Crouching Tiger, Hidden Dragon (Wo hu cang long)


Crouching Tiger, Hidden Dragon

Defying gravity is all in a day's work in China.

(2000) Martial Arts (Sony Classics) Chow Yun Fat, Michelle Yeoh, Ziyi Yang, Chen Chang, Sihung Lung, Cheng Pei-Pei, Fa Zeng Li, Xian Gao, Yan Hai, De MIng Wang, Li Li, Su Ying Huang, Jin Ting Zhang, Rei Yang, Kai Le, Jian Hua Feng. Directed by Ang Lee

Every so often a movie comes along that changes all the rules. People’s perceptions, not only of a certain genre of movies, but sometimes of themselves, of their culture, of other cultures are given a forced re-examination because of work so thought-provoking, so emotionally stimulating, that it can’t be ignored.

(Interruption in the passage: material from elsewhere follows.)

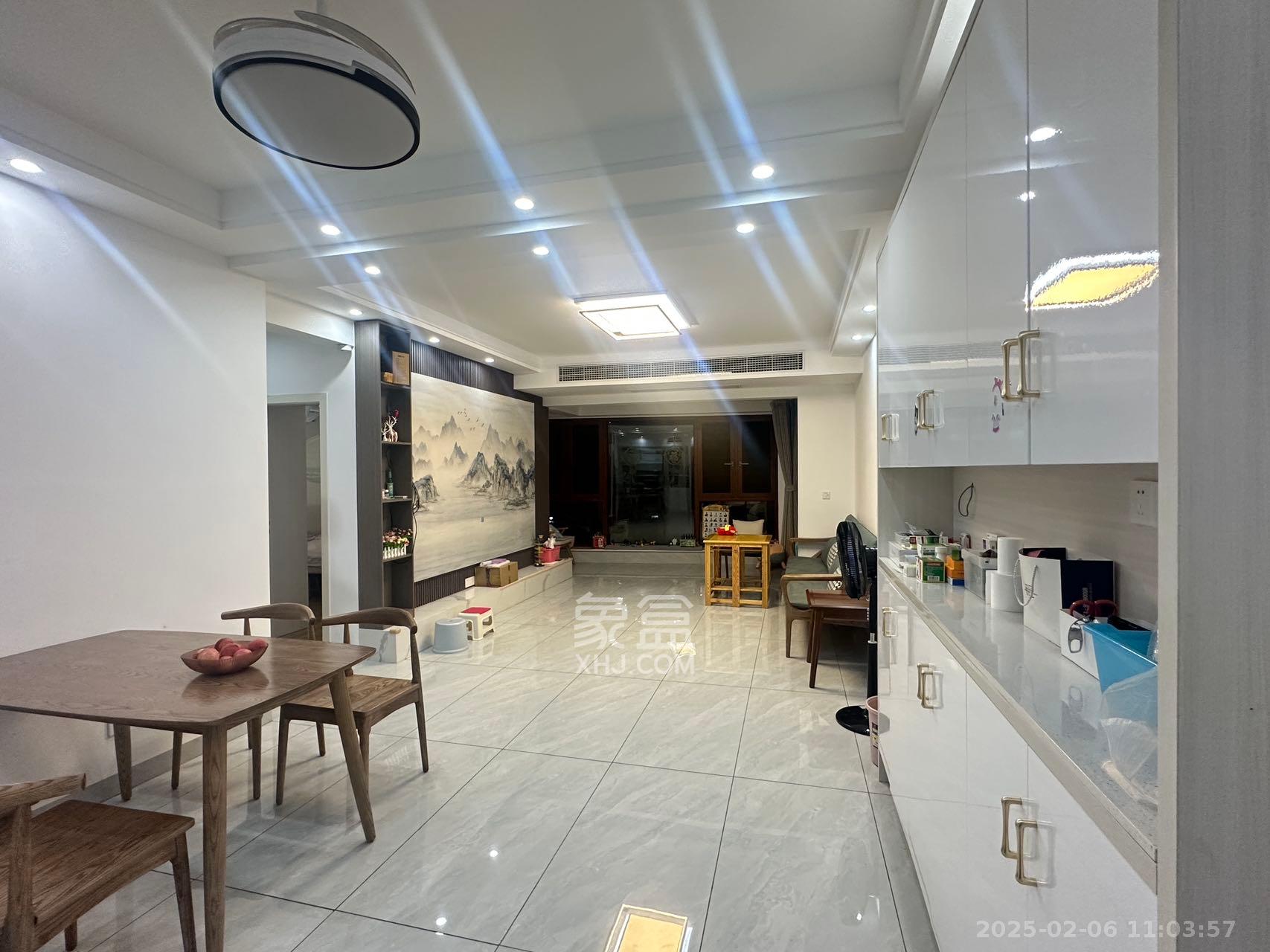 三润城(三润星城) 3室2厅2卫 2200.0元/月 三润城(三润星城) 3室2厅2卫 2200.0元/月室内图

For a very long time, martial arts movies had been ghettoized as “chop sockey,” ridiculed as “B” movies or worse, and dismissed except for loyal cultists who knew better. Those of us who had seen such classics as The Killers, Once Upon a Time in China and Chinese Ghost Story can appreciate the ballet of the fight scenes while often overlooking horrible, dubbed dialogue, bargain basement plots and other low-budget thrills.

Hollywood discovered these movies as well and before long directors (John Woo) and actors (Jackie Chan, Jet Li) crossed over to American mainstream awareness. Their successes, however, pale in comparison with this magnificent film.

Director Ang Lee (Sense and Sensibility, The Ice Storm) uses as his source the fourth novel in a five-novel cycle by Wang Dulu. Set during the 19th-Century Qing Dynasty, we are introduced to a legendary swordsman named Li Mu Bai (Fat, perhaps the best pure actor ever to come from Asia). He has tired of his violent profession and wishes to retire to a more contemplative lifestyle. To facilitate this, he intends to give his sword — the Green Destiny — to someone more worthy. Because he’s not sure who will wind up with it, he asks his good friend Shu Lien (Yeoh) who it should go to. She recommends an honest civil servant named Sir Te (Lung). Lien, a warrior who has made a reputation of her own, delivers the sword, only to see it stolen.

Eventually, suspicion points to the house of the governor, whose precocious daughter Jen (Ziyi) has bonded with Shu. The evidence points to Jade Fox; a ruthless bandit who murdered Li’s master in order to steal the manual of his order’s fighting style. This brings Li back into the fray, not only to recover his sword but to avenge his master’s death.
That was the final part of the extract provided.